Regardless of your age, stereotypes perpetuate misconceptions that can hinder your success in life and hold you back.

We have all heard the word millennial; it is tossed around like spare change in media today. Unfortunately, the word millennial is overused and often abused as if it is some secret society with all the answers to life’s lurking questions. As a group, Millennials are sought-after, and it seems that everyone aspires to be like them or claims to know them. The truth is, no one seems to understand them at all. This massive group is over-hyped, over-generalized, and often portrayed in a false light. Instead of seeing Millennials as the unique generation that they are, the world aims to understand the opportunities and barriers they face by creating stereotypes.

What is all the hype about anyway?

Millennials are not new.  In fact, the idea behind millennials has been around for centuries in one form or another. However, they demand attention through sheer numbers. Millennials have surpassed baby boomers to become the largest living generation in the U.S., with an estimated 75.4 million of them, and are the largest generation in the American workforce. Although every article you read claims to understand this group better than any other, they remain a sought-after mystery that we long to understand, and social media perpetuates stereotypes about their existence that leave us plagued with doubt.

It is not only millennials that are stereotyped in social media, however. Social media tends to form ideas about each generation, and these prevalent stereotypes can often hinder our realities, leaving us lost, alone, and confused about our place within society.

To understand the way generations are stereotyped, you must first understand the timeline of each generation.

Gen Z on social media:

For many years, it was the millennials who were the stars of social media. However, there is now a new group that is ready to steal the spotlight – Gen Z.

The definition of who falls into this category varies across the board. According to most, Gen Z includes anyone born after 1997 up until 2015. This group, which is considerably larger than its predecessors, is the new sought-after consumer on social media. As a result, Gen Z is predicted to overtake the millennials, already accounting for more than 20% of the U.S. population.  

Gen Z is slowly entering the workforce and obtaining increased buying power. As a result, they will undoubtedly target mass campaigns like those that pegged millennials as avocado toast-eating money wasters with little concern for the future. In fact, there are already many stereotypes surrounding this group, and they have only just stepped across the threshold out of childhood.

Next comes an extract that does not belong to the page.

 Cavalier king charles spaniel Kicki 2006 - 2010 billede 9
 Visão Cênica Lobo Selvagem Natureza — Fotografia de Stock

One stereotype this group cannot shake is the belief that they are addicted to their screens. Gen Z is considered the first truly digital generation – having had unlimited access to the internet since birth. As a result, this group spends an average of four hours per day on their mobile devices – the highest number of all generations. In addition, data from 2019 shows this group was spending upwards of three hours per day on social media, a number that is constantly rising and has increased by 1 hour since 2013.  Due to this heightened use of social media, this group is the ideal audience for influencer marketing campaigns.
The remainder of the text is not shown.